Despite all of her accomplishments – and eight years as First Lady – Michelle Obama says she is still judged by the color of her skin by some Americans.

The wife of former President Barack Obama took the stage at the Women’s Foundation of Colorado’s 30th anniversary celebration, where she addressed the hurdles she had to overcome as the country’s first black first lady.

Lauren Casteel, WFCO President and CEO, asked Obama what “falling glass” cut the deepest after breaking the glass ceiling of race in the White House.

“The shards that cut me the deepest were the ones that intended to cut,” she said, according to the Denver Post. “Knowing that after eight years of working really hard for this country, there are still people who won’t see me for what I am because of my skin color.”

She also said being a woman gives her innate resilience, despite constantly being knocked down.

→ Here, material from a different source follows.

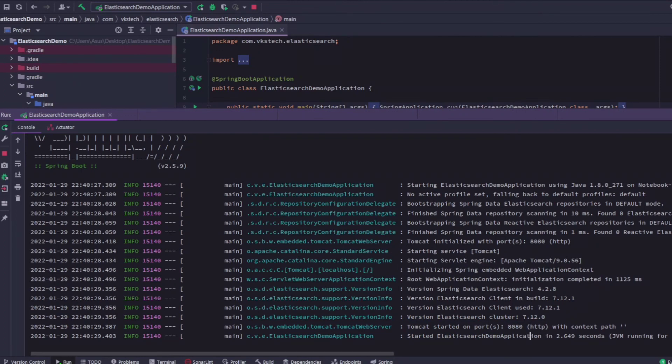In the next video, I will show you how you can add and retrieve data from Elasticsearch cluster.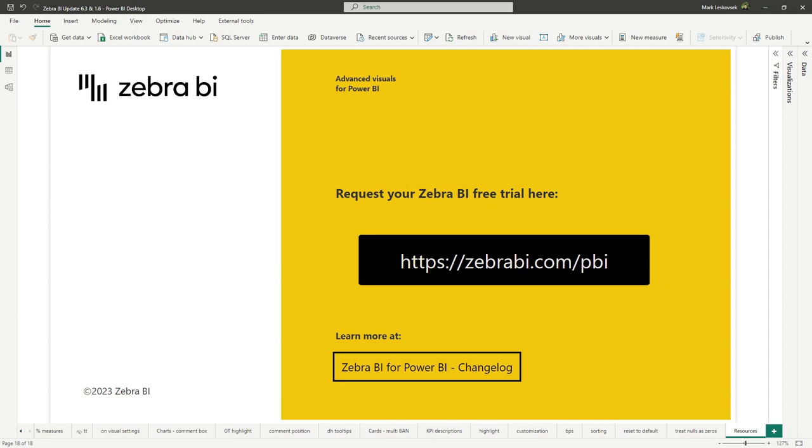Thank you for watching our product update. We already have exciting upgrades planned for the next release. So stay tuned to our social media channels for all the latest news. You can also check the changelog on our website for the complete list of features for this release. Thank you for your support and see you in the next update.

“Women, we endure those cuts in so many ways that we don’t even notice we’re cut,” she added. “We are living with small tiny cuts, and we are bleeding every single day. And we’re still getting up.”

Jason Bahr/Getty
Jason Bahr/Getty Images for The Women's Foundation of Colorado

Obama repeated that she would not be seeking public office but would help the nation in other ways.

“Public service and engagement will be a part of my life and my husband’s life forever,” she told the crowd of 8,500.

Although the former first lady stayed away from political talk — save for a few subtle digs at President Donald Trump — and did not address the battle over whether to repeal her husband’s signature achievement as president directly, Obama shared a message of optimism.

“The people in this country are universally good and kind and honest and decent,” she said. “Don’t be afraid of the country you live in. The folks here are good.”

FROM PEN: People at the White House: The Final Interview with The Obamas

Her hopeful remarks offset the members of the Democratic minority’s frustration following Tuesday’s Senate vote to dismantle her husband Barack Obama‘s signature achievement as president.

“I’ve never seen or read in the entire history of the United States anything as rushed as this that has such an impact on Americans,” said Sen. Cory Booker, a Democrat from New Jersey.

“I think they’re making a terrible mistake,” said Sen. Brian Schatz, a Democrat from Hawaii. “It’s going to rip health care from tens of millions of Americans and whichever version they vote on [will trash] the American health care system.”

Rather than get into politics, Obama focused on issues she advocated for as first lady, including the empowerment and education of women. She reminded those in attendance of the power that kind words and acceptance can have on young girls.

“Listening and validation can make the difference in a young girl’s life,” she said.